I will start with EI, how long to see "changes" in my plants? or should I just target certain PPMs?
any suggestions for a first timer with EI?
You can simply do more water changes to reduce any error.
This is common sense for anyone that keeps fish and cares about them.
Likewise, once you gain more skills, you can slowly reduce the ppm's, the amount of dry ferts/liquid, they still add the same things.........
If you slowly and progressively reduce the dosing over say 2 week increments, then you can see and note any changes to the tank.

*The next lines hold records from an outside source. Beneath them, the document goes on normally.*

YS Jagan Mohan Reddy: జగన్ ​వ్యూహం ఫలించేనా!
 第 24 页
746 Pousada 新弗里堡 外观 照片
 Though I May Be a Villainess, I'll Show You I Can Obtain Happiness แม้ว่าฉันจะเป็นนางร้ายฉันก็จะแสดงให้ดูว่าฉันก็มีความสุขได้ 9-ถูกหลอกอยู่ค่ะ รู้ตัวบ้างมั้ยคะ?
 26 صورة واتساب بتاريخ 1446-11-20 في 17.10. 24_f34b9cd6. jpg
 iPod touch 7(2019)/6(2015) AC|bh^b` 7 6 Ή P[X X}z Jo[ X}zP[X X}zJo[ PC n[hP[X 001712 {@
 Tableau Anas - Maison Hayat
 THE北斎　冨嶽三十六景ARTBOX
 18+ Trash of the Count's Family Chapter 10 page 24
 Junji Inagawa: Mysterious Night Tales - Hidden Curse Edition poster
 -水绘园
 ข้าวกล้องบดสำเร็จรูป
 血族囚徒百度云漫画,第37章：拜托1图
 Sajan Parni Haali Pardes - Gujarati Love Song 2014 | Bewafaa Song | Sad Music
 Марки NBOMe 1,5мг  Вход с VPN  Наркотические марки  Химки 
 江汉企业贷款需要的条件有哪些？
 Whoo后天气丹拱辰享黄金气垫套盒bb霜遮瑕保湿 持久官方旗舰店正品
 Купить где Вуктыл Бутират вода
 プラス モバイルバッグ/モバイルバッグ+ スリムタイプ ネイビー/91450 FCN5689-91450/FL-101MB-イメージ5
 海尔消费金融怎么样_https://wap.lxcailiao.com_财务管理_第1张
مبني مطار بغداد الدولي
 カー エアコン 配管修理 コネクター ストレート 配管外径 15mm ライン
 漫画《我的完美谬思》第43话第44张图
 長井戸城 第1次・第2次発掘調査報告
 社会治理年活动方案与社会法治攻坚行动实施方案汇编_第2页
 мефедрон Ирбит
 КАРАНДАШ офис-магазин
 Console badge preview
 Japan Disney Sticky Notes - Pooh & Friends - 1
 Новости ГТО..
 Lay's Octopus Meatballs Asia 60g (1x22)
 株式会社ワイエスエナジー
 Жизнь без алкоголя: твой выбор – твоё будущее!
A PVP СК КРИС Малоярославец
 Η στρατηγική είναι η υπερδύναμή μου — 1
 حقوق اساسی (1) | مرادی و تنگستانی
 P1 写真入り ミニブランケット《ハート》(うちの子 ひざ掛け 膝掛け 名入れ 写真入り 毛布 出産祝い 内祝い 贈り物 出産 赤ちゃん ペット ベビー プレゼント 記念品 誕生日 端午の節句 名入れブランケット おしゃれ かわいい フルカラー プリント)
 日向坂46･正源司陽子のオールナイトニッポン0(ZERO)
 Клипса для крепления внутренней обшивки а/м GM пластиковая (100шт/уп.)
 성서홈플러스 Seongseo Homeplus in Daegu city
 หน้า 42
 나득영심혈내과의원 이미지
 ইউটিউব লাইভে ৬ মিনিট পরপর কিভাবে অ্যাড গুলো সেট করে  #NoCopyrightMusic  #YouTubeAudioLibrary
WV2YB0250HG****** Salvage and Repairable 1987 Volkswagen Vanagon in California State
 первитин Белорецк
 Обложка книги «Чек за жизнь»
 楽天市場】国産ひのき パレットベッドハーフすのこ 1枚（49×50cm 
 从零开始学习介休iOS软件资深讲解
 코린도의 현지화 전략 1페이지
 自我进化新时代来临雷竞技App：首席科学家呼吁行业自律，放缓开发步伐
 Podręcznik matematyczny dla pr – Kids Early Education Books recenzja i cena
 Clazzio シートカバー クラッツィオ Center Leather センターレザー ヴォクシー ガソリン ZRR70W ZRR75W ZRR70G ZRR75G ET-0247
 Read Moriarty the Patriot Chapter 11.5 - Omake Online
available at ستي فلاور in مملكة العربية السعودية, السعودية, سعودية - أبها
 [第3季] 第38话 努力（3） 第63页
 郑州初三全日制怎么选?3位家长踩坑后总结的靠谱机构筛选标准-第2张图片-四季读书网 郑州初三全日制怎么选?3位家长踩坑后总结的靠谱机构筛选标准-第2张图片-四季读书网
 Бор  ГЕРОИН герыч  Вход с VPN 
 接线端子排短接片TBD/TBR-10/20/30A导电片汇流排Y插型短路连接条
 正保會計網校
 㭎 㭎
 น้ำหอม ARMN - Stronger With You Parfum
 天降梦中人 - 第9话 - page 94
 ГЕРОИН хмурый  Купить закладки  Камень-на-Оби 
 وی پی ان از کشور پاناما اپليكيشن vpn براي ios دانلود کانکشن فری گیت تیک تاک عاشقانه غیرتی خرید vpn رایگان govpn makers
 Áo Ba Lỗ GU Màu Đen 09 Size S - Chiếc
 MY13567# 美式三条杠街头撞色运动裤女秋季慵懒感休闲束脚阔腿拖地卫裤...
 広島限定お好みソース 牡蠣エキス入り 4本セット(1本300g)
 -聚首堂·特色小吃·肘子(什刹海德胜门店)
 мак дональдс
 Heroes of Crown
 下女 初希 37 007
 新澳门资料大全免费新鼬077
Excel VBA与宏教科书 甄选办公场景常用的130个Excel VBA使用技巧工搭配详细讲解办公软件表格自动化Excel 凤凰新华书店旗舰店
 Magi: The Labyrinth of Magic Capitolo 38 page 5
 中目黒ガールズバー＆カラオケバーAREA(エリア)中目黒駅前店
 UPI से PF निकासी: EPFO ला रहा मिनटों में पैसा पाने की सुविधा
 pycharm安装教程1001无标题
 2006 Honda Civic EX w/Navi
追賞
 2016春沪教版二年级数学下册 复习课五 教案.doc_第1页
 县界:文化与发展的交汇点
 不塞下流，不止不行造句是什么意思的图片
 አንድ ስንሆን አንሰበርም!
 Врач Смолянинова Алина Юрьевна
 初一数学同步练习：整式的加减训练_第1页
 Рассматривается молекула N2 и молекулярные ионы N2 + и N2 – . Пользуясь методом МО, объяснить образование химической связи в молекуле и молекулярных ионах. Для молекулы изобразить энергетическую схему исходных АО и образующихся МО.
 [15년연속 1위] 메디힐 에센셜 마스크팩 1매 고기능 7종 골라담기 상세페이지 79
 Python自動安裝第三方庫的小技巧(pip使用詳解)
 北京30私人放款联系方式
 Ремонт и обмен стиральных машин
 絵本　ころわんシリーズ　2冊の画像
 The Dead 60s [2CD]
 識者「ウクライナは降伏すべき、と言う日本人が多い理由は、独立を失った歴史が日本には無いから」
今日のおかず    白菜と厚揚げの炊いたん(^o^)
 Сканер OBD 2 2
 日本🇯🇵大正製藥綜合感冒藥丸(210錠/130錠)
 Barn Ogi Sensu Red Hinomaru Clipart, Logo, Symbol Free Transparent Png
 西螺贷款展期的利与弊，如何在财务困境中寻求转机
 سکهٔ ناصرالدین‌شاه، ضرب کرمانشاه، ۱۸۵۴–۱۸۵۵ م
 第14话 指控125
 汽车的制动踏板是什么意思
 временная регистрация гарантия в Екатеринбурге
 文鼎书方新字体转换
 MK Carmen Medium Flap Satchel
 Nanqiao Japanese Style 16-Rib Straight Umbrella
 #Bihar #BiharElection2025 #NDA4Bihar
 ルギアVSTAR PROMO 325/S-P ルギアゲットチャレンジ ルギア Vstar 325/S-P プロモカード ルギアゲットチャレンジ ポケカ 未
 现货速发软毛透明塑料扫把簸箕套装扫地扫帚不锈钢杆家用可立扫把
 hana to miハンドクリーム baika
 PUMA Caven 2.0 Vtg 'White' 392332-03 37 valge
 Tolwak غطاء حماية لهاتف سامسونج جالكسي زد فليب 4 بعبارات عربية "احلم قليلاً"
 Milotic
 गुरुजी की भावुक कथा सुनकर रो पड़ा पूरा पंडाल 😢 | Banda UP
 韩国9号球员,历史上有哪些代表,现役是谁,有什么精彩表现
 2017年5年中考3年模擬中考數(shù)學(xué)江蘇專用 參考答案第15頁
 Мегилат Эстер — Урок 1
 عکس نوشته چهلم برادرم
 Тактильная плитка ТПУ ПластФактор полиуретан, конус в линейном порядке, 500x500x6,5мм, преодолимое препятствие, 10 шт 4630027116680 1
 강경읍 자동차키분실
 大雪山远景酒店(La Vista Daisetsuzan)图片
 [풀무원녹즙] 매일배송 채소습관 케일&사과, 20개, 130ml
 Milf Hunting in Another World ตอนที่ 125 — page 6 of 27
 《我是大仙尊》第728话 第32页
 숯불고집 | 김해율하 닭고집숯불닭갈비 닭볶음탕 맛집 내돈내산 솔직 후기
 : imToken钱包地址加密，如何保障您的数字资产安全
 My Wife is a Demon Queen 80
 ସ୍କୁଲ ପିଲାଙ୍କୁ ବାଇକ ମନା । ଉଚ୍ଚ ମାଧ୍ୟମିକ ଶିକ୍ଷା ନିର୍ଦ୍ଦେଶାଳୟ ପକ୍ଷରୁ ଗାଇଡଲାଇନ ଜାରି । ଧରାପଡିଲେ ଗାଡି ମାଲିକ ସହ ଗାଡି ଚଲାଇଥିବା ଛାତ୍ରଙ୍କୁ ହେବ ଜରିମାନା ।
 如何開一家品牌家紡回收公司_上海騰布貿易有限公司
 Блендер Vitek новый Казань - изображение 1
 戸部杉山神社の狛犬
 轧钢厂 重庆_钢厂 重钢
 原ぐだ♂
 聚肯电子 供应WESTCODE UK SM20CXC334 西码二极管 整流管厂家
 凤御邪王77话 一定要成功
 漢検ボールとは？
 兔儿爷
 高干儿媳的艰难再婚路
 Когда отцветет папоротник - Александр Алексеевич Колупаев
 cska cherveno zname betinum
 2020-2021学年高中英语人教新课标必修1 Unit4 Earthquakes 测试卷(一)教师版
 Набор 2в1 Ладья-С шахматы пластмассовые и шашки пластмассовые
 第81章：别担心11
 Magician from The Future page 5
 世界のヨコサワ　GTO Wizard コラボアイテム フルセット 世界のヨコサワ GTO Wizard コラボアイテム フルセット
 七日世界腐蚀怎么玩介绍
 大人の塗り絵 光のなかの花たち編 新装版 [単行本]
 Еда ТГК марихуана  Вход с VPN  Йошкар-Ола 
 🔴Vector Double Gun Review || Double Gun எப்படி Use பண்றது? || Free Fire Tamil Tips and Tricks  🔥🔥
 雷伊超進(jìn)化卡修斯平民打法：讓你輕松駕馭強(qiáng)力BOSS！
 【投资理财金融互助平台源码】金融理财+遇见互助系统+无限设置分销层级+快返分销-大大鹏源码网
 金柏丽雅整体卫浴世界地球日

Done stepwise, this allows you to see and know what the deficiency starts to look and appear like before strong limitation occurs. If you start real low with dosing, then the potential to stunt a species and have in not recover is much higher. Since we KNOW that higher levels are NOT detrimental to all aquatic plants(I've not found any yet, on over 400 species and types now), this is a safer place to start.
ADA/Amano also suggest as do ADG and all ADA vendors.....to do large weekly water changes and perhaps as many as 3-4x a week in the first 1-2 months of a new set up. I also agree strongly with this.
However, with good management, ANYONE and any tank can certainly be dosed with less. Also, we can grow aquatic plants without CO2 also. But few seem to take this philosophy of less is better all the way, they take it liek a buffet, taking only what sounds good.
Still, you can dose less EI, or more PPS, they add the same things after all.
Liquid or dry.
Low or high light, DIY CO2 of gas tanks, etc.
With something like ADA aqua soil which has loads of nutrients in it......then you can have more wiggle room with dosing and not fear running out of nutrients, and once in place, it's going to last for years except for N.
So that's a no brainer, DIY soil and MTS can be done also with similar results.
Then you can worry less about dosing.
If you use LESS light, then you can also dose less with less issues and less CO2 demand also, so this helps most cases for management. Some folks like higher light and want to garden more, but most really do not, particularly when starting out.
So now you have a better more wiggle room method regardless of the dosing routine. Less light, better CO2, and less nutrient demand from the water column.
I do once a MONTH water change(50%) on the tank below using moderate light and CO2 gas, and I feed the fish very well:
My 120 gal dutch display gets 70% weekly water changes and got every 3rd day water changes for the 1st 1-2 months.
Different goals, different methods and labor input. This is why each group thinks their method works and they are correct. What we see much less frequently are folks who are able to do several methods
This way I can have a nice looking tank with less work, as well as a nice garden where I prune and trim more. Or a tank which requires no water changes or much input of any kind, but is still very easy to care for and looks good, here's a non CO2 tank of mine.
So once you figure out how much work you wanna do and what the scape design goal is.....then you select the light/CO2....or not....then lastly , the fert routine.
I'm not saying ferts are not important.........just that they are pretty forgiving and wide ranging. There is little risk if you over do them.
Also, making the water change easy or automating it is a good thing.
It need not be a hard chore or involve any buckets.
I can change 60-70% on every tank I have, about 480 Gal worth of my 5 tanks, in about 1.5 hours and refill them using this:
Filter cleaning, shrimp culling, trimming, any other maintenance including dosing is all done while the water drains or fills. Pretty easy given the level of scaping and and sales of the trimmings I do. I do put in some work and I'm pretty good at it since I've done it for decades, but others can do it also.
I'm FAR from special. Mostly do what others before me already have done.